Tot op heden is geen briefje of andere correspondentie meer ontvangen van [verzoeker] . Nu de bijschrijving op de brief van de rechtbank wel in de systemen van de rechtbank is ingevoerd als verzoek tot toepassing van de (wettelijke) schuldsanering, moet de rechtbank een beslissing nemen op dat verzoek. Dat zal de rechtbank heden doen zonder partijen te horen.

De beoordeling:

De overwegingen van de rechtbank
De rechtbank is van oordeel dat de bijschrijving op de brief van de rechtbank van 4 april 2023 luidende: ‘hierbij schuldsaneringsverzoek’ niet aan de minimale eisen voor het doen van een dergelijk verzoek voldoet, nu er naar het oordeel van de rechtbank op z’n minst een briefje zoals in de email van 19 april 2023 is omschreven, dient te worden ingediend.
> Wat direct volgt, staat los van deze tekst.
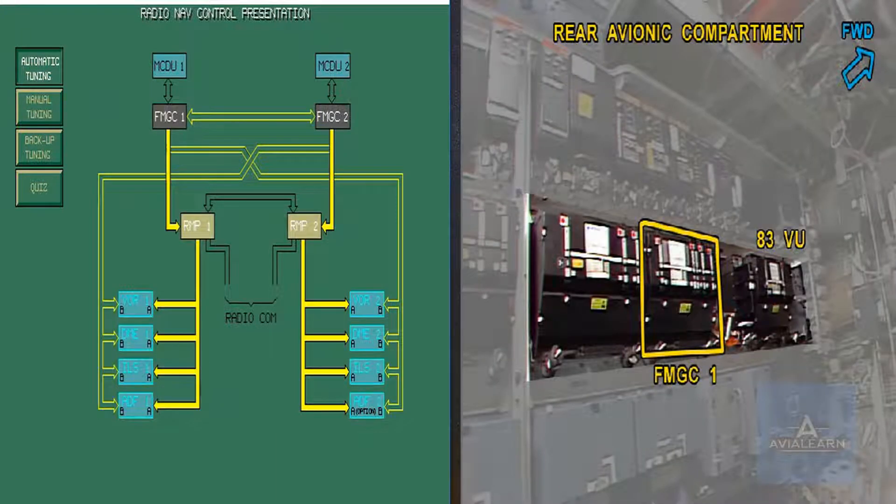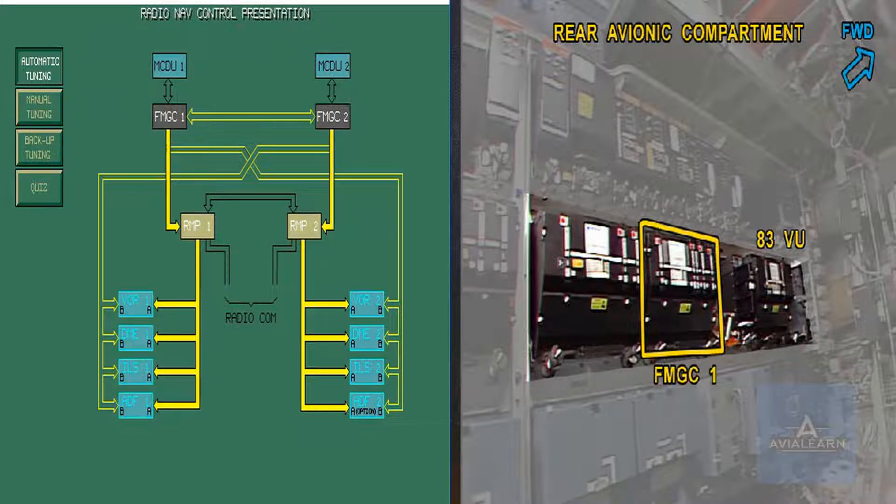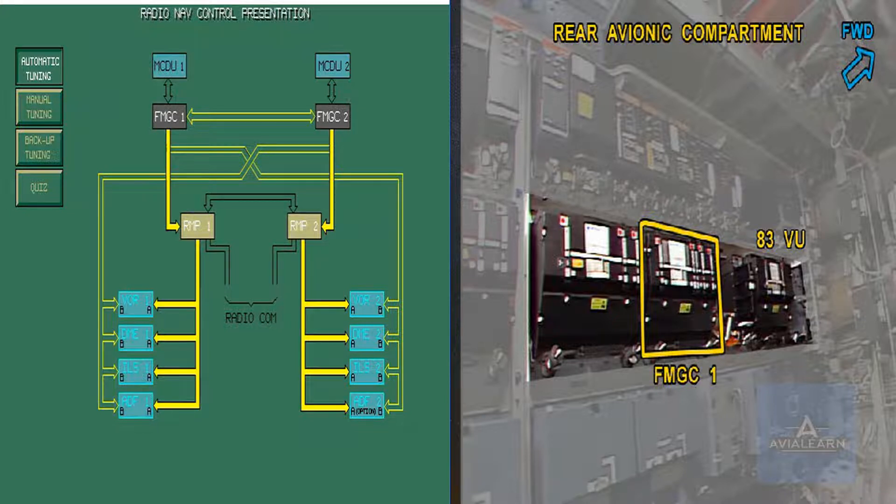The automatic tuning permits the control of VOR-DME, ILS, and ADF by the Flight Management and Guidance System. In this case, the radio management panel is transparent to its associated FMGC.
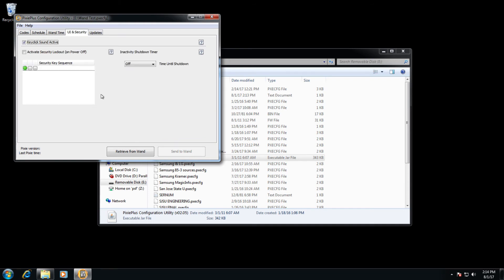For UI and security, it's much more simpler commands. So in this case here, key clicks sound active. These are the key clicks that appear on the Pixie whenever you press the button.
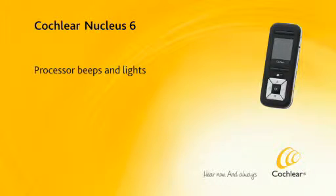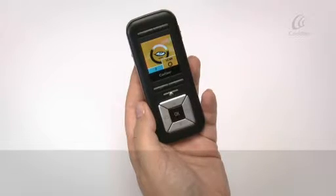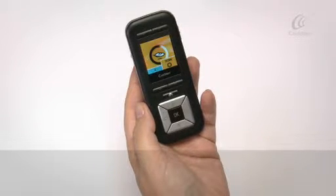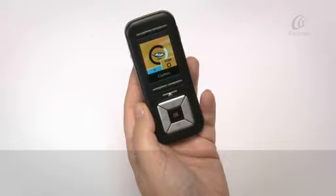Processor beeps and lights. Processor beeps can be turned off or on.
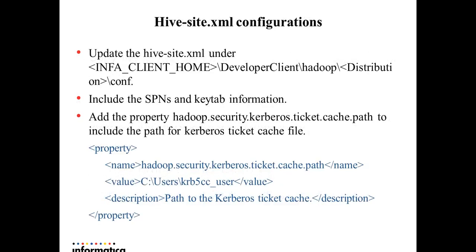Hivesite.xml configurations: Update the Hivesite.xml under the client Hadoop distribution directory to add all the configuration properties related to Kerberos authentication including the values for SPNs and keytabs. Add the property Hadoop security Kerberos ticket cache path and point it to the location of ticket cache file so generated using the kinit command.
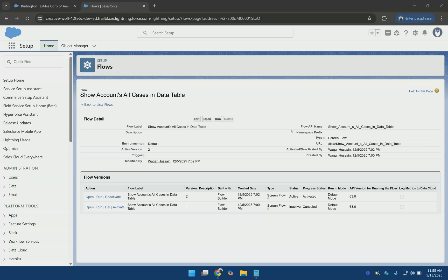When using data tables in Salesforce screenflows, there is a common limitation that the data table does not support clickable links or showing fields from the lookup or master detail relationships.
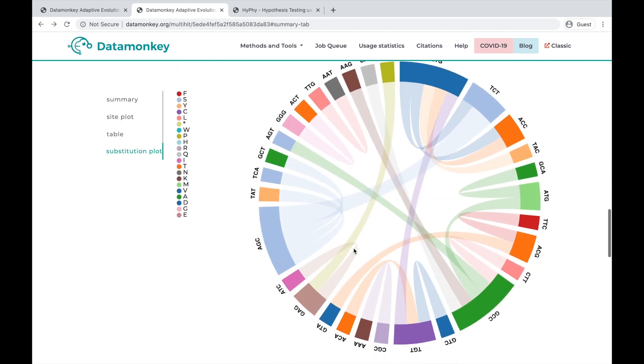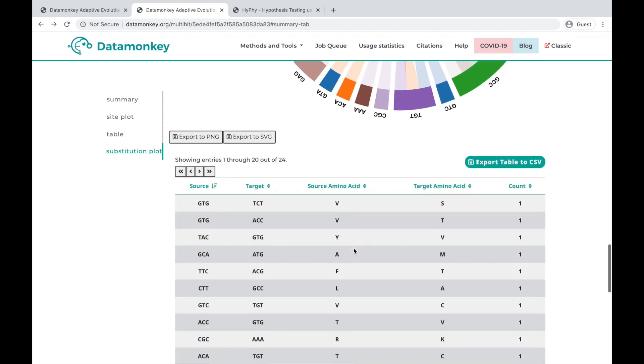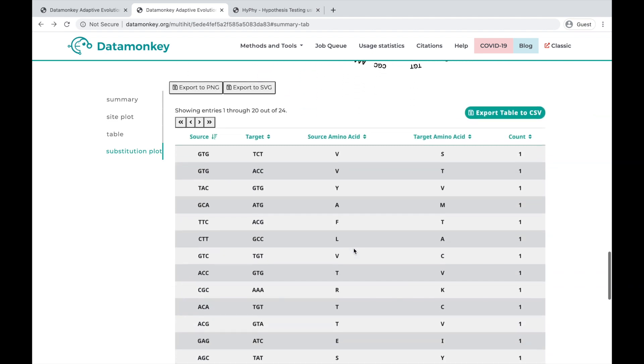So below this plot, there's also a table which tells us the source codon and the target codon, as well as the source amino acid and the target amino acid, and then the number of substitutions that fall into each of these categories.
De rechtbank is van oordeel dat nu het verzoek tot toepassing van de schuldsaneringsregeling, ook nadat de rechtbank een termijn voor herstel heeft gegeven, onvolledig is, [verzoeker] niet-ontvankelijk moet worden verklaard in dat verzoek.
De rechtbank zal hiertoe overgaan.

De beslissing:

de rechtbank:
verklaart [verzoeker] niet-ontvankelijk in zijn verzoek tot toepassing van de schuldsaneringsregeling.
Gewezen door mr. A.E. Zweers, lid van genoemde kamer, en uitgesproken ter openbare terechtzitting van 11 mei 2023 in tegenwoordigheid van de griffier [1] .

Voetnoten

1.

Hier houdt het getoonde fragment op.